Captioned web images
++++

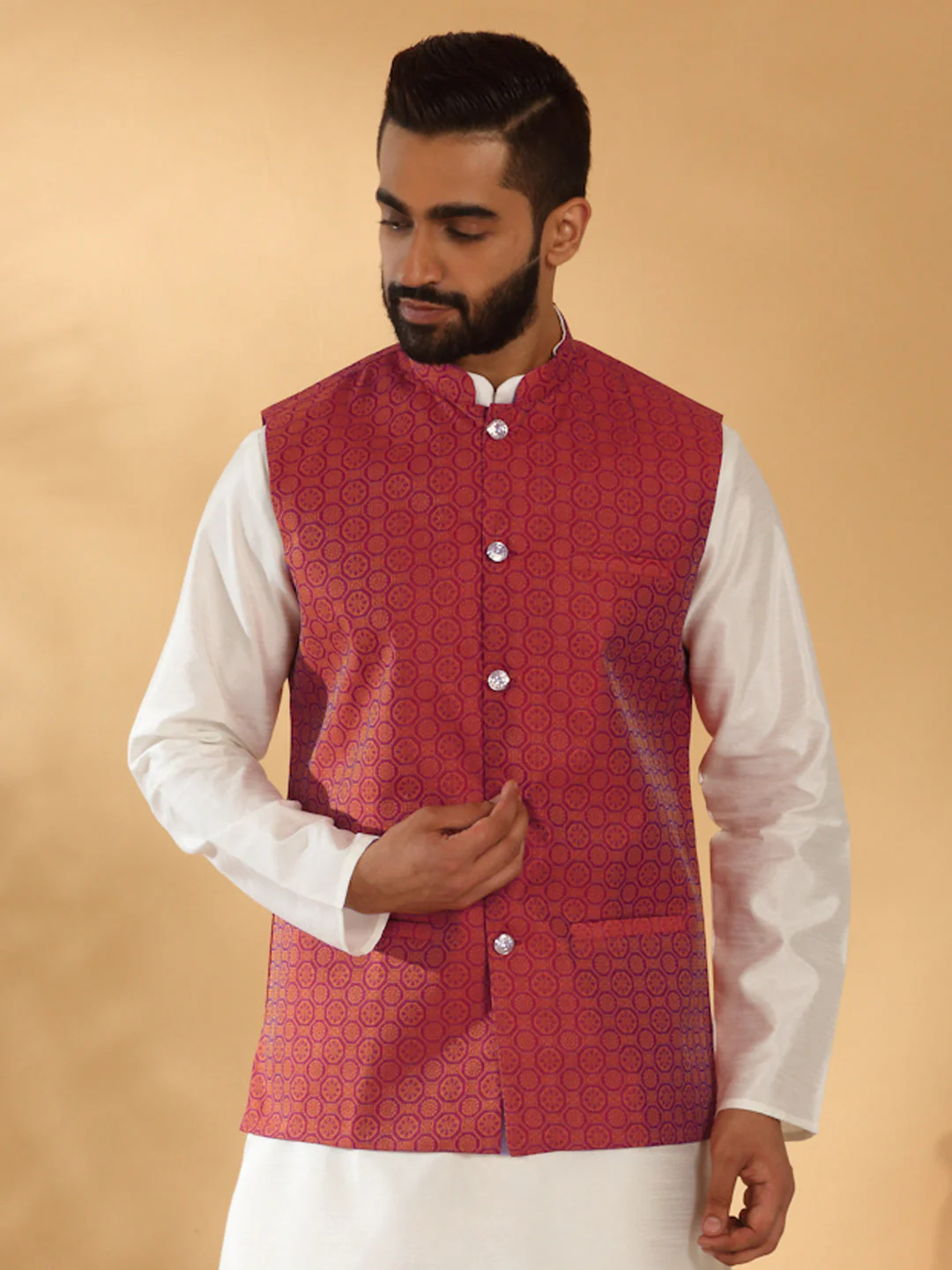 Product image 61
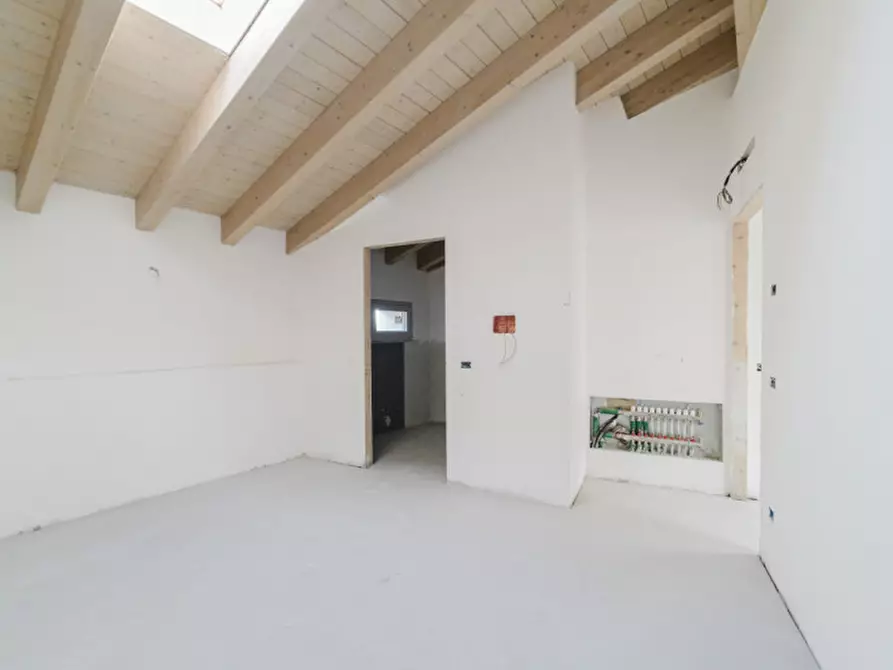 Immagine 7 di Appartamento in vendita  in Via Cesare Battisti, 156 a Colorno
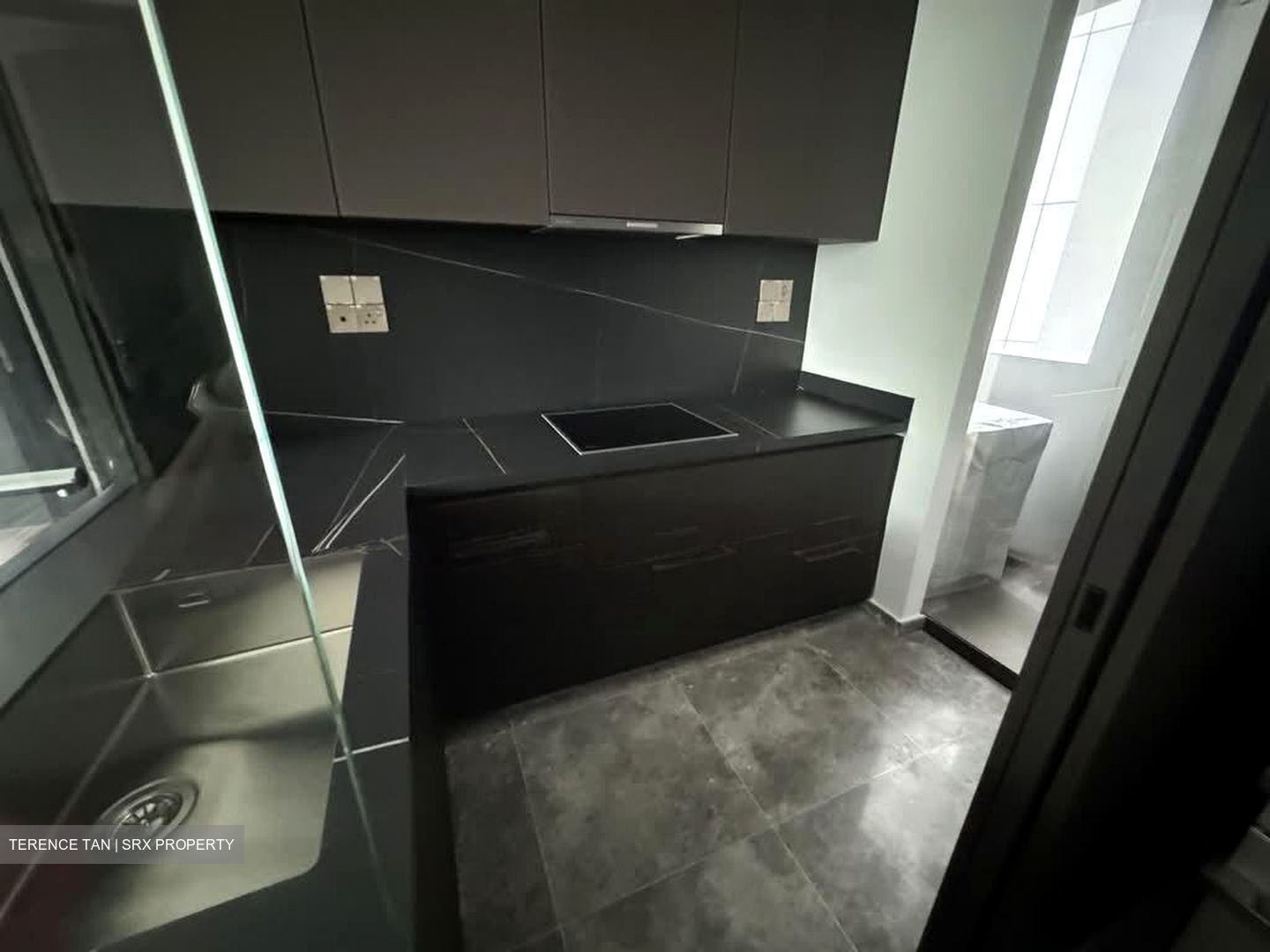 Hyll On Holland (D10), Condominium #566425351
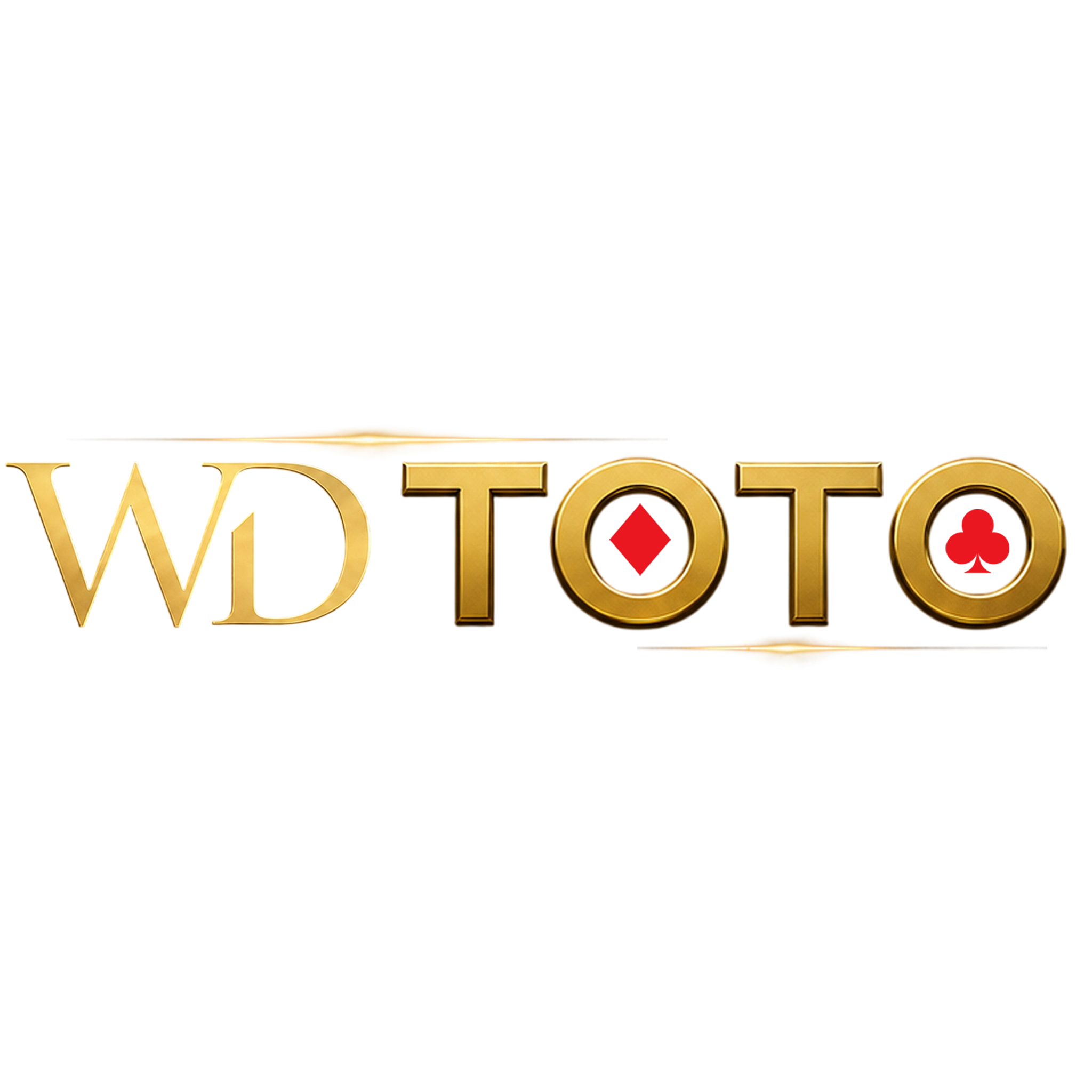 Download wdtoto APK untuk Android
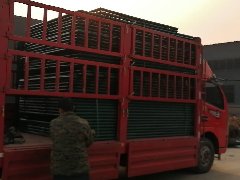 一.篩.濾網(wǎng)系列，鐵絲軋花網(wǎng)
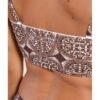 Oxbow Bikini TopS1DARTS-BTB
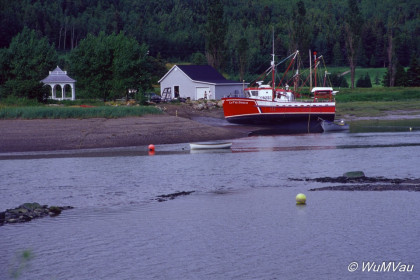 146_Canada-Osten-New-Brunswick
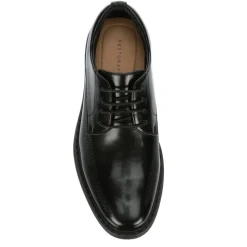 Restoration Boys Little-Big Kid Charles Dress Shoe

++++

TASK REQUIREMENTS:
Your answer should hold every record above, printed exactly and free of pictures.

THE ANSWER:
 Product image 61
 Immagine 7 di Appartamento in vendita  in Via Cesare Battisti, 156 a Colorno
 Hyll On Holland (D10), Condominium #566425351
 Download wdtoto APK untuk Android
 一.篩.濾網(wǎng)系列，鐵絲軋花網(wǎng)
 Oxbow Bikini TopS1DARTS-BTB
 146_Canada-Osten-New-Brunswick
 Restoration Boys Little-Big Kid Charles Dress Shoe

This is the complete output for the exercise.